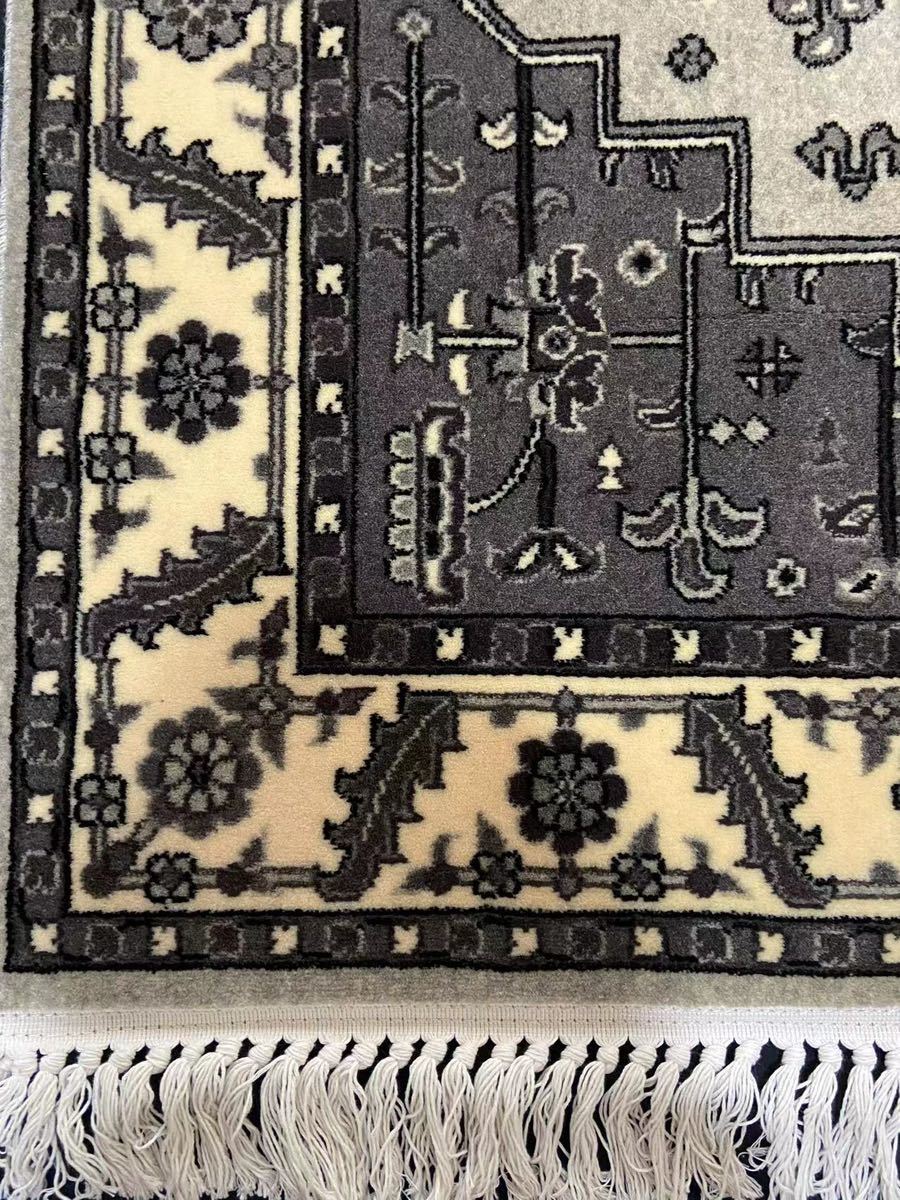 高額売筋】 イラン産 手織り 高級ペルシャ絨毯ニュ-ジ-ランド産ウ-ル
--
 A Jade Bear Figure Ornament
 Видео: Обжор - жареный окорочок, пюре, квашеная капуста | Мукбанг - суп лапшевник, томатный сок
* * *
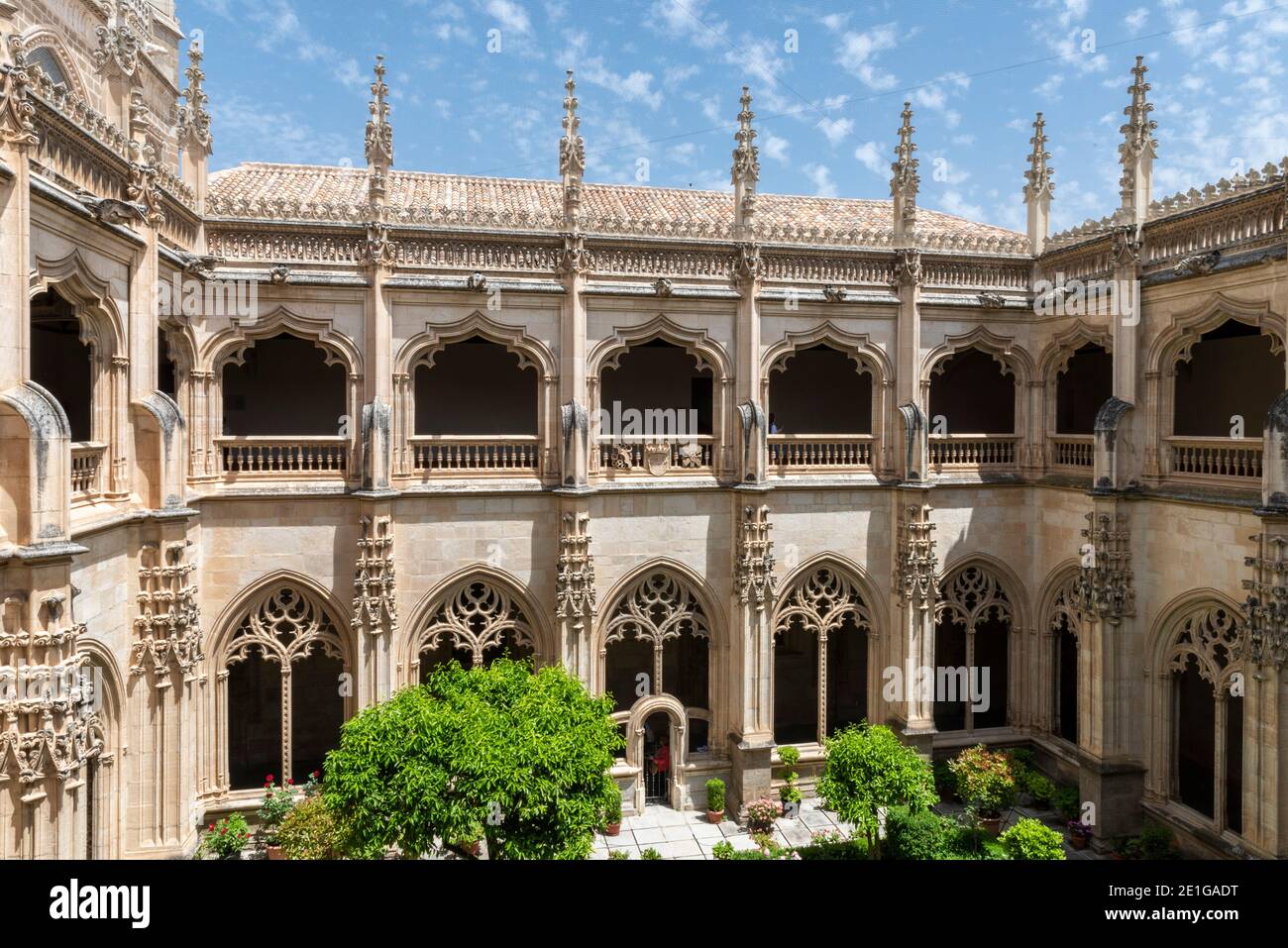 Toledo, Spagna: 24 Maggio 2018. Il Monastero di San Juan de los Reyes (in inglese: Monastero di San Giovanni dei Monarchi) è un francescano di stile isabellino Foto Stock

#### YOUR OBJECTIVE
Where the listing above reaches the line that contains "A Jade Bear Figure Ornament", start retyping, and finish with the line that contains "Видео: Обжор - жареный"; reproduce those lines exactly and no others.

#### RESPONSE TO THE EXERCISE
 A Jade Bear Figure Ornament
 Видео: Обжор - жареный окорочок, пюре, квашеная капуста | Мукбанг - суп лапшевник, томатный сок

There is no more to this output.